Those are some impressive numbers. Let’s see if the trend continues this year.
In Howard’s opinion, SaaS is advantageous in a tough economy due to three main reasons:
- Low upfront or no upfront fee
- Turn the contract off on short notice
- High levels of service, regardless of the state of IT budgets
Yes, the IT budgets are a tough subject nowadays, so SaaS may as well be the cure.
At the same time, CNN Money quotes Gartner saying that “Software as a service is forecast to have a compound annual growth rate of 22.1% through 2011 for the aggregate enterprise application software markets, more than double the growth rate for total enterprise software.”
And this is just days after CMSWatch released the 2009 Web CMS Report, and I said that:
SaaS-based CMS models are the red-hot, next new thing. Or not… The next year should tell us which vendors can really deliver on the promises of SaaS, as CMSWatch’s Thomas points out.

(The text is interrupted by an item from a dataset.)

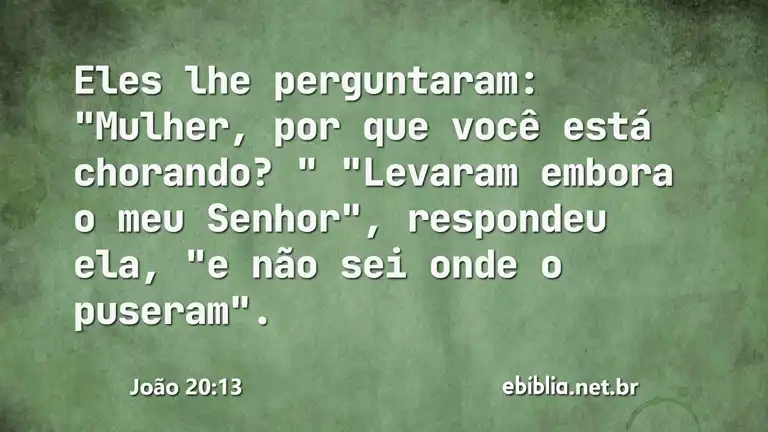 João 20:13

Darwin said “It is not the strongest of the species that survives, nor the most intelligent that survives. It is the one that is the most adaptable to change.” Following this principle, it will be interesting to see how SaaS Web CMS vendors survive in the tough economy.

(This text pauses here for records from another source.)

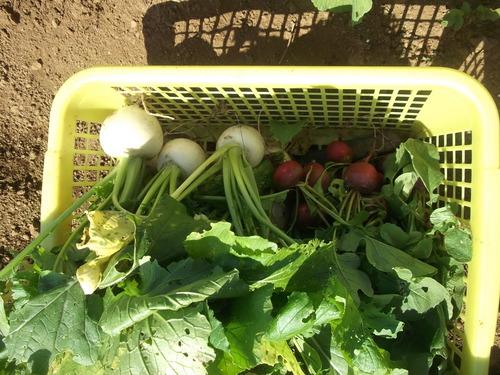 野菜の収穫...晴れて来たので_b0137932_18175138.jpg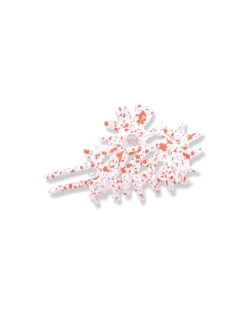 Best Bijou Brigitte Fermaglio per capelli - White Coral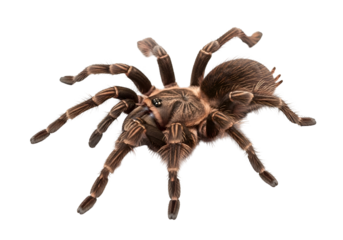 Close-up of a large, hairy spider against a black background, showcasing intricate details of its legs and body.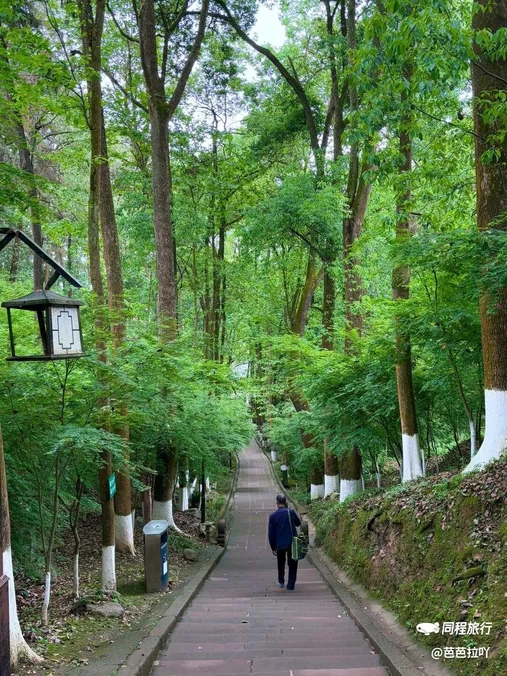 白鹤山风景名胜区 - 成都旅游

Hot Banana has been quite cold lately. No media coverage since March 2008, and no internal press since May 2008. Are they still alive?
Clickability and Spring CM seem to be doing quite well. Spring CM mostly deals with Document Management and workflow though, and — in the light of eDiscovery and compliance — that’s a hot market.

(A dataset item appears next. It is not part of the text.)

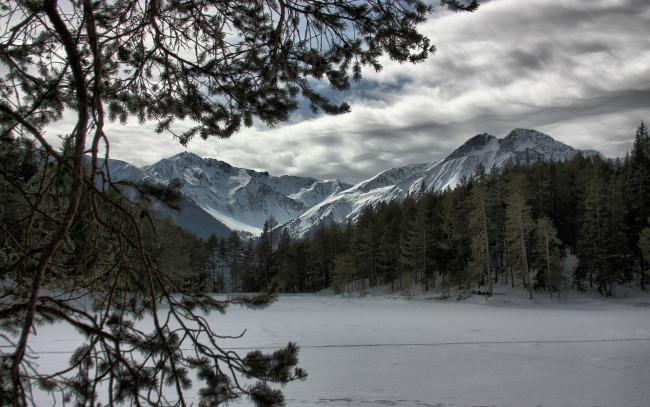 Обои картинки фото природа, зима, горы, снег, небо, деревья, елки, тучи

Not much I’ve heard lately from OmniUpdate or Marqui. The latter was bought out in August 2008 by “a group of private investors” for an undisclosed amount. The former mainly caters to the educational sector; it’s latest product release — v8 — goes back to May 2008. This was the most recent bit of news the company has released since.
The question of security of SaaS CMS can certainly be argued. In most cases, the odds are in favor of SaaS vendors claiming they are stable, low-cost and low-risk way to do Web CMS — and they have their grounds. Your Web sites are outside the firewall in many cases anyway, so what is there to worry about? Low-cost is true in most cases compared to the often cost- and resource-burdensome implementations of non-hosted WCM vendors. Low-risk — not so much, SaaS CMS or not.
However, when a SaaS Web CMS vendor goes out of business, what will happen to your Web site and your content? Content migrations could be the answer. But this just all sounds a bit painful. Plus, not everything can be migrated by running a myriad of DB scripts. There are also templates, workflows, dependencies, content types, user groups and permissions, media libraries, etc. — these guys are your manual work candidates in most cases.
As with any vendor, there are numerous pros and cons to SaaS CMS. This topic would probably not even be a topic for discussion, has there not been an unpleasant change in the global economy.